- **Problem details**: Verbatim copy, images omitted: return the full listing.

- **Given data**:
>>

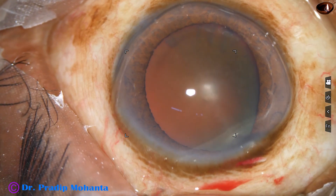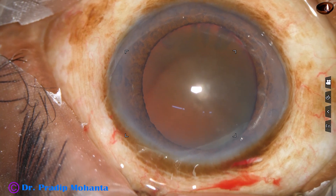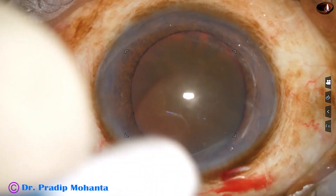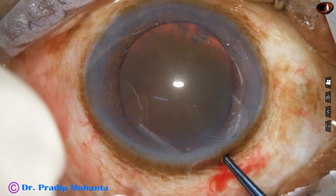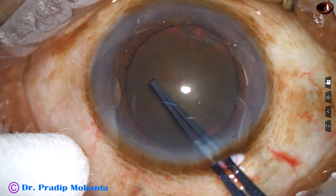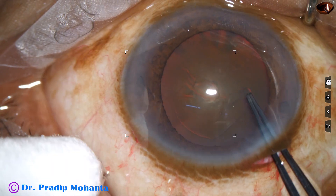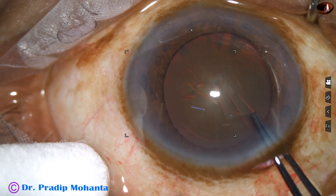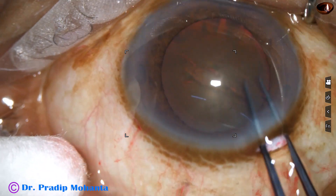Viscoelastic is applied over the cornea for better visibility. A Utrata forceps is being used for capsulorhexis. The anesthesia has been done by proparacaine eye drops and intracameral lignocaine. Capsulorhexis is being done.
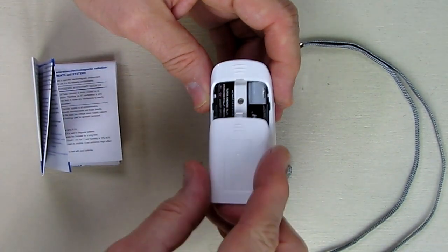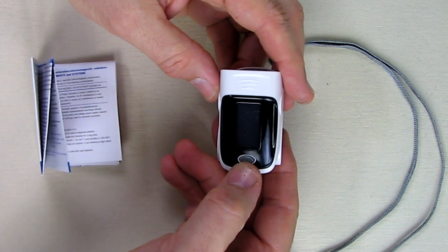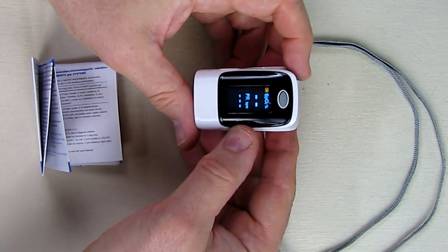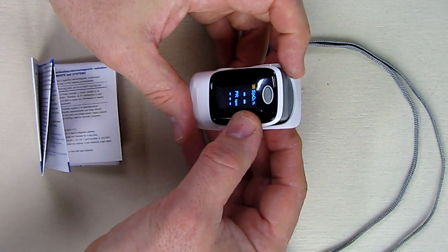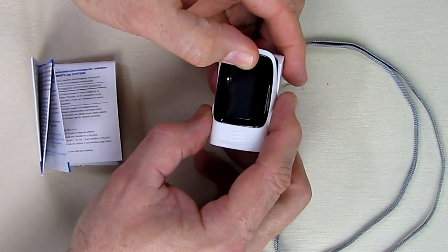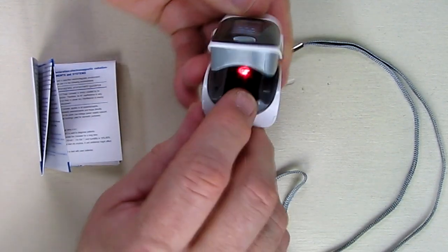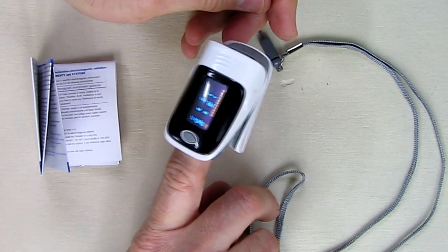Put the cover back on and slide it — it locks in place. There's a button here; we're going to turn it on by holding it down for a couple seconds and it displays the oximeter. Let's open this up and put my finger in. If you look closely you can see a red LED right there, and that's where I'm going to place my finger to get a reading.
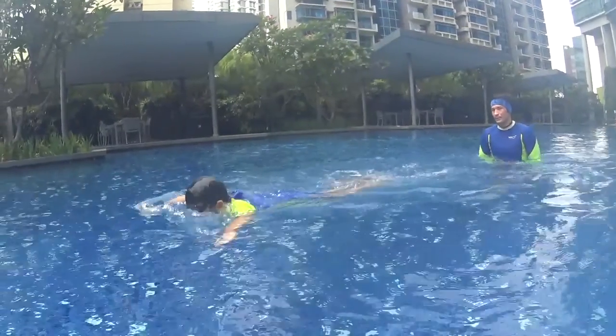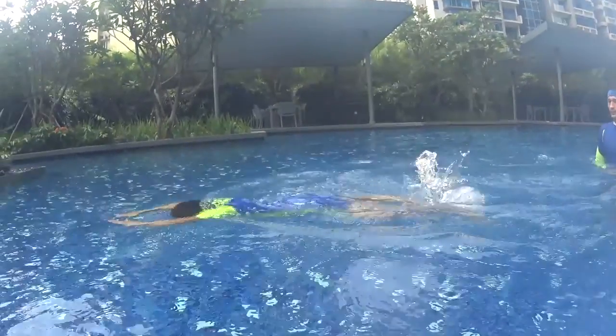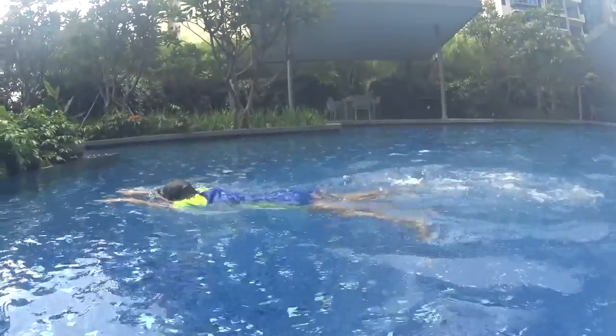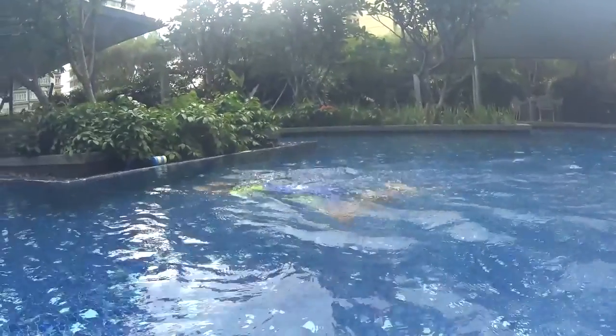During your three kicks before you breathe, take the time to glide — it will take around three seconds, one second per kick. It is very important to glide as far as possible before taking a breath.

<<

- **Exercise result**:
Viscoelastic is applied over the cornea for better visibility. A Utrata forceps is being used for capsulorhexis. The anesthesia has been done by proparacaine eye drops and intracameral lignocaine. Capsulorhexis is being done.
Put the cover back on and slide it — it locks in place. There's a button here; we're going to turn it on by holding it down for a couple seconds and it displays the oximeter. Let's open this up and put my finger in. If you look closely you can see a red LED right there, and that's where I'm going to place my finger to get a reading.
During your three kicks before you breathe, take the time to glide — it will take around three seconds, one second per kick. It is very important to glide as far as possible before taking a breath.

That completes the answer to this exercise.